YOUR TASK: Exact copy, pictures excluded: please retype every record below.

___ DATA FOR PROCESSING

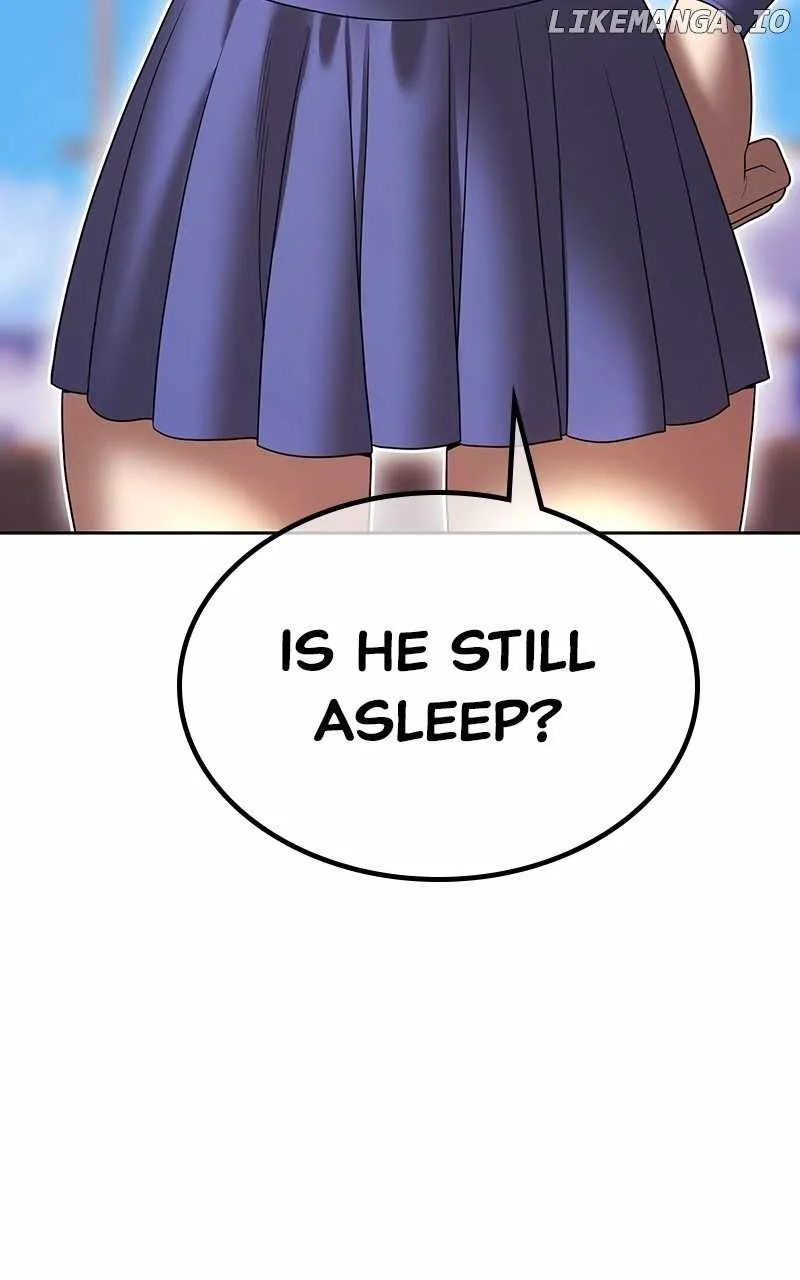 +99 Wooden stick Chapter 108 page 59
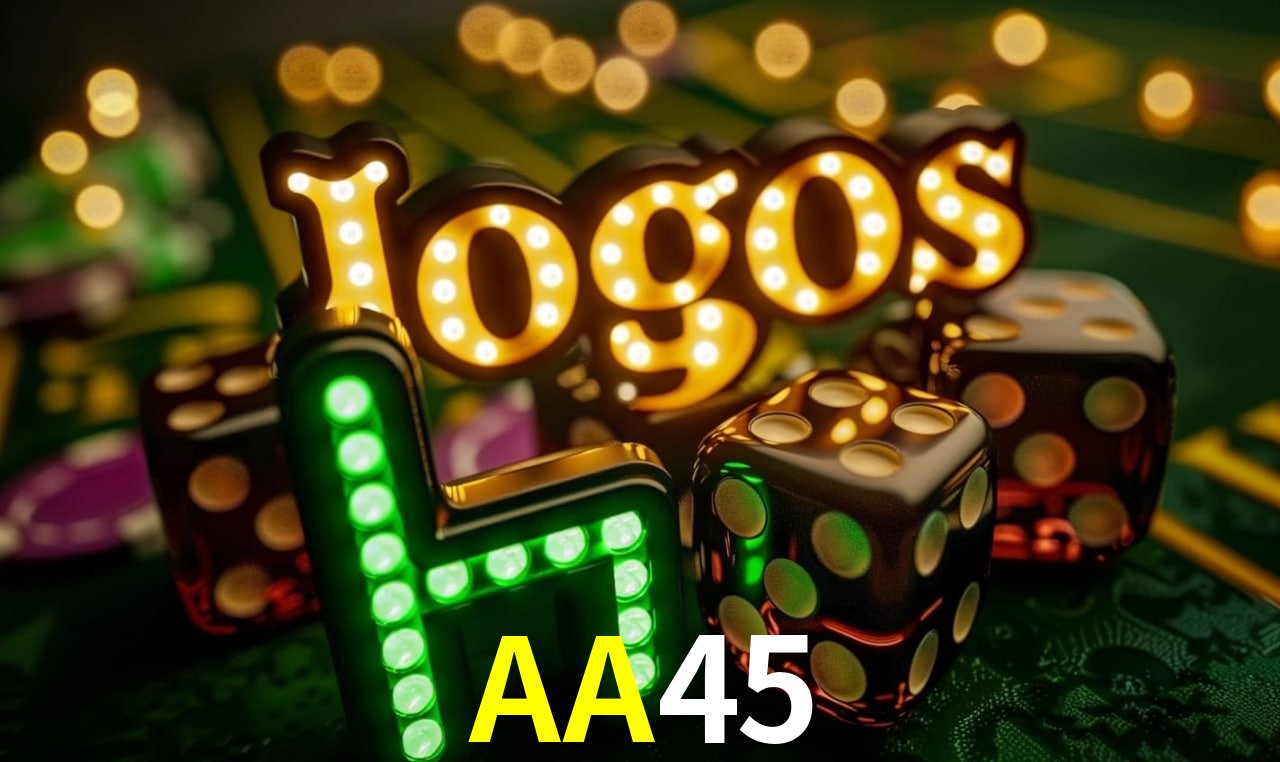 Games Directory AA45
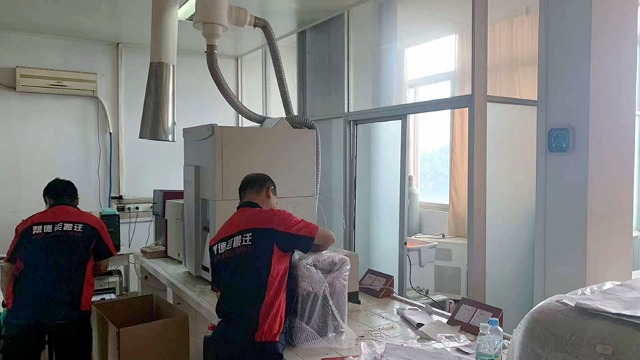 有承接恒溫水浴鍋的實(shí)驗(yàn)室搬遷專業(yè)公司嗎?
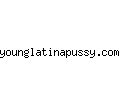 younglatinapussy.com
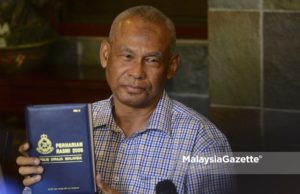 Dakwaan Shafee dibayar palsu, saya juga pernah dituduh sama – Musa Hassan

______

SOLVED PROBLEM:
 +99 Wooden stick Chapter 108 page 59
 Games Directory AA45
 有承接恒溫水浴鍋的實(shí)驗(yàn)室搬遷專業(yè)公司嗎?
 younglatinapussy.com
 Dakwaan Shafee dibayar palsu, saya juga pernah dituduh sama – Musa Hassan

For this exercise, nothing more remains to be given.